O ensaísta e tradutor João Barrento, no prefácio de Parábolas e Fragmentos de Kafka, apresenta a estrutura da parábola da seguinte maneira: “A etimologia grega do nome, que é também o da figura geométrica aberta, com dois braços, um eixo e um foco, implica que alguma coisa é colocada ao lado (para-) da outra, que o sentido é lançado (-boléin) para uma zona-outra, adjacente, inesperada, obscura.” A parábola (em torno do corpo) é como, e por impulso, numa só linha conseguimos conter o trabalho de Catarina Botelho (Lisboa, 1982) que é agora reunido na sua segunda exposição individual e apresentado num prédio sem actividade no Chiado. Seguimos o desenho da parábola proposto por Barrento para aproximar a sua forma à prática de Botelho. O enunciado (um dos braços da curva) tem sido a constante e persistente concentração num determinado trabalho – fotografar (retratar) situações da sua intimidade –, o foco de convergência é a economia inerente às suas imagens, o eixo é a própria artista, a sua vida e trabalho; finalmente, a vertente de sentido (o outro braço espelhado) é produzida pela tensão que se gera em torno de dialécticas como arte-vida, presença-ausência, corpo-vazio, luz-sombra, etc. Uma realidade concreta, a das fotografias, é agora distribuída sensivelmente por uma casa, colocadas em função das entradas de luz que descrevem. A intimidade das imagens povoa as divisões e o observador no trajecto de as descobrir é lançado para uma narrativa-outra. Os outros dois blocos de trabalho apresentados em “Dias Úteis”, a série "Modo Funcionário de Viver" e o livro de artista "Termo de identidade e residência", são também dispositivos curvos no seu processo (o registo diário de uma mesma existência) assim como na sua apresentação (uma divisão ladeada por imagens e um livro em harmónio). No texto do catálogo, a curadora da exposição, Filipa Valladares, convoca o género da still life como enquadramento a partir do qual podemos pensar o trabalho de Botelho. Acrescentaríamos que esta óptica não se circunscreve apenas às naturezas mortas (fotografias sem pessoas), que nesta exposição se assumem de modo destemido, mas a toda a sua pesquisa visual. Uma toalha sobre a cadeira é tão ou mais corpo do que os corpos que estão em algumas imagens, ainda que ausentes, ou melhor, é sempre sobre o registo da memória do corpo que a artista se parece concentrar; produzindo “imagens do pensamento”.

in L+Arte junho

terça-feira, 9 de junho de 2009

terça-feira, 26 de maio de 2009

Still life

Filipa Valladares

Existe na expressão Still Life uma contradição intrínseca. Still refere-se a tudo o que está parado, sem movimento, ruído ou acção, que está fixo e que permanece, referindo-se no limite à morte. Por outro lado life refere-se ao estado, propriedade ou qualidade do que está vivo, à vitalidade e ao tempo da vida. Apesar destas duas expressões serem aparentemente o oposto uma da outra, elas coexistem desde há séculos, na expressão inglesa Still life, anunciando-a como uma Vida Parada, fixa. Já a expressão Natureza Morta (adoptada por diversas línguas latinas), mata à partida a natureza, e em contraponto, a versão alemã Stilleben, refere-se a uma Natureza Silenciosa.

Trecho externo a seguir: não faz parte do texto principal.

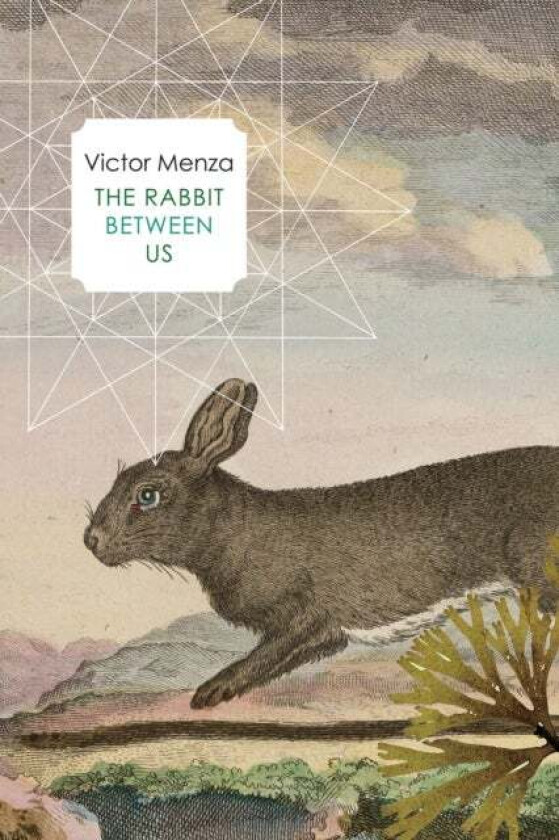 The Rabbit Between Us av Victor Menza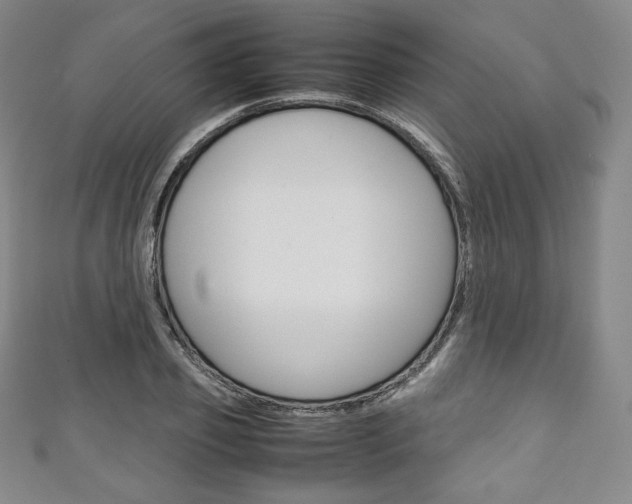 X0000111140933200906301014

Diz-se de uma imagem que é retirada de um filme ser um still, um momento parado do mesmo. Esta qualidade de parar e fixar é intrínseca à fotografia enquanto processo e à forma como gera nas suas imagens, uma paragem do tempo.

É neste limbo entre still e life, entre esta paragem silenciosa e a vida, que podemos incluir as fotografias desta exposição. Não sendo obrigatoriamente naturezas mortas, são imagens fixas no tempo, captadas num momento que já passou, mas ainda relativas à vida que continua.

Catarina Botelho (Lisboa, 1981), apresenta nesta segunda exposição individual, três séries de trabalhos que se reúnem sob o título de Dias Úteis.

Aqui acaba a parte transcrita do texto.